More than 44 million Americans are Medicare recipients, and more than 22 million receive their benefits through a Medicare Advantage plan. A Medicare Advantage plan is Medicare. However, it offers you expanded coverage options that are not available from the benefits provided by Original Medicare.
If you qualify for Medicare Advantage, you will be able to access covered care services that you might not be able to afford otherwise. These quality plan options come in many shapes and sizes and are offered by multiple private insurers throughout the nation.
Bourgeois Insurance strives to offer all Medicare recipients access to efficient, customer-focused plan services. For help choosing the Medicare Advantage option that is best for you, just give us a call at
The U.S. government’s primary Medicare program is called Original Medicare, and it includes two types of benefits called Part A & Part B coverage. Part A coverage supplies hospital benefits, while Part B pays for outpatient and other care related to your everyday health needs.

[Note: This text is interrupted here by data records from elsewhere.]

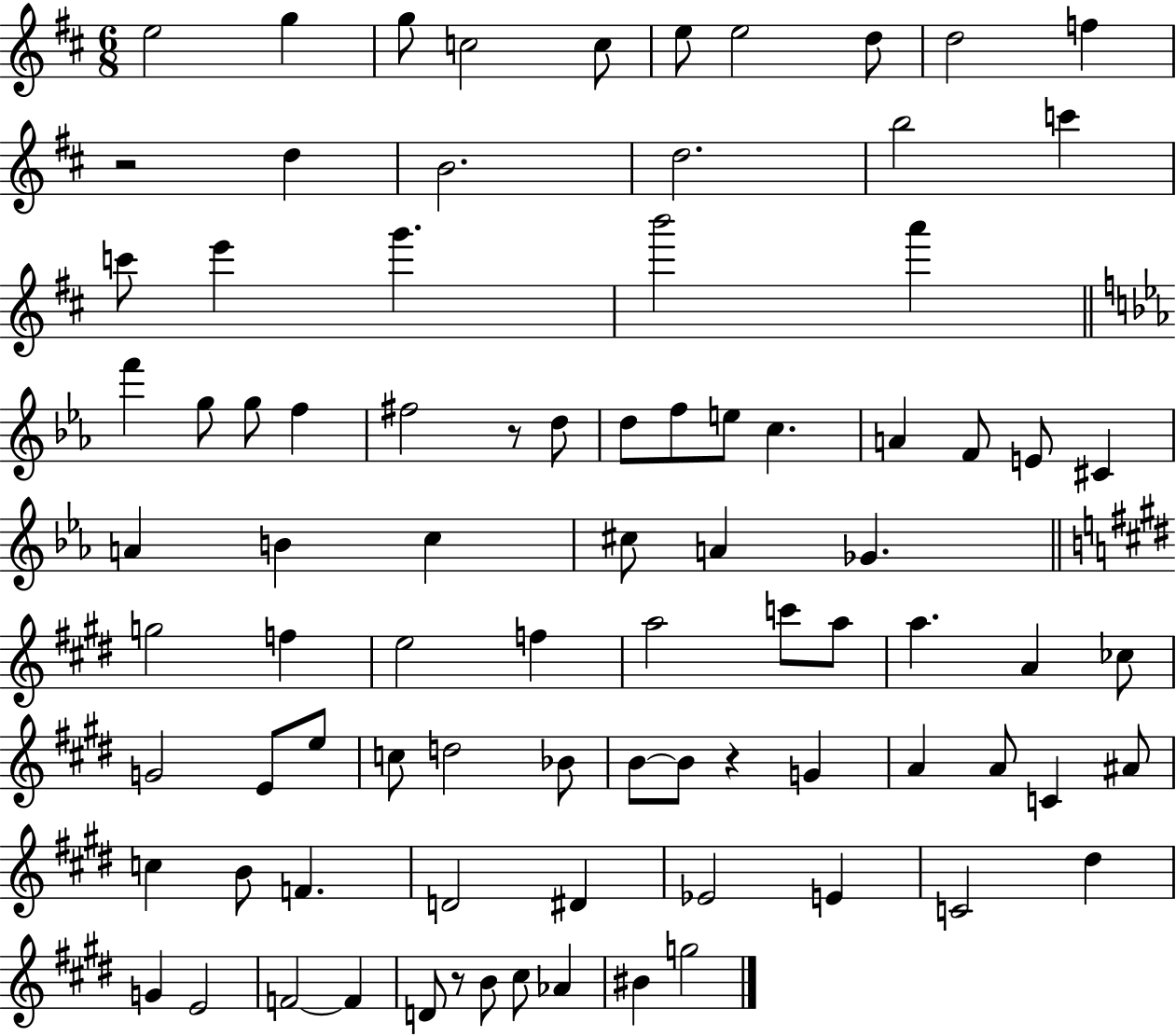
{
  \clef treble
  \numericTimeSignature
  \time 6/8
  \key d \major
  e''2 g''4 | g''8 c''2 c''8 | e''8 e''2 d''8 | d''2 f''4 | \break r2 d''4 | b'2. | d''2. | b''2 c'''4 | \break c'''8 e'''4 g'''4. | b'''2 a'''4 | \bar "||" \break \key ees \major f'''4 g''8 g''8 f''4 | fis''2 r8 d''8 | d''8 f''8 e''8 c''4. | a'4 f'8 e'8 cis'4 | \break a'4 b'4 c''4 | cis''8 a'4 ges'4. | \bar "||" \break \key e \major g''2 f''4 | e''2 f''4 | a''2 c'''8 a''8 | a''4. a'4 ces''8 | \break g'2 e'8 e''8 | c''8 d''2 bes'8 | b'8~~ b'8 r4 g'4 | a'4 a'8 c'4 ais'8 | \break c''4 b'8 f'4. | d'2 dis'4 | ees'2 e'4 | c'2 dis''4 | \break g'4 e'2 | f'2~~ f'4 | d'8 r8 b'8 cis''8 aes'4 | bis'4 g''2 | \break \bar "|."
}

However, Original Medicare will not include certain benefits, such as dental, vision, hearing or prescription drug coverage. To get these expanded benefits, you might qualify to enroll in a Medicare Advantage plan. Medicare Advantage plans (also known as Medicare Part C) are private insurance plans that will offer you all the perks of Original Medicare, but with added coverage.
Even though Medicare Advantage plans come from private insurance companies, you are still a part of the Medicare program. Therefore, Medicare Advantage plans always contain nearly all the benefits of Original Medicare Parts A & B and must meet coverage standards set by law. You just receive your benefits from a different source.
However, Advantage plans offer further benefits such as:
Prescription Drug Coverage
Other benefits might also be included in your plan. Therefore, by buying a Medicare Advantage plan, you will have coverage for a greater diversity of your health care needs.
There are many Medicare Advantage plan options available, including:
HMOs (Health Maintenance Organizations)
Under an HMO plan, you must receive care within your plan’s coverage network unless you have to receive emergency care or urgent care services. To receive specialist care, you usually must receive a referral from your primary care provider. Certain plans, called HMO Point-of-Service plans (HMOPOS) allow you to receive out-of-network care for a higher out of pocket cost.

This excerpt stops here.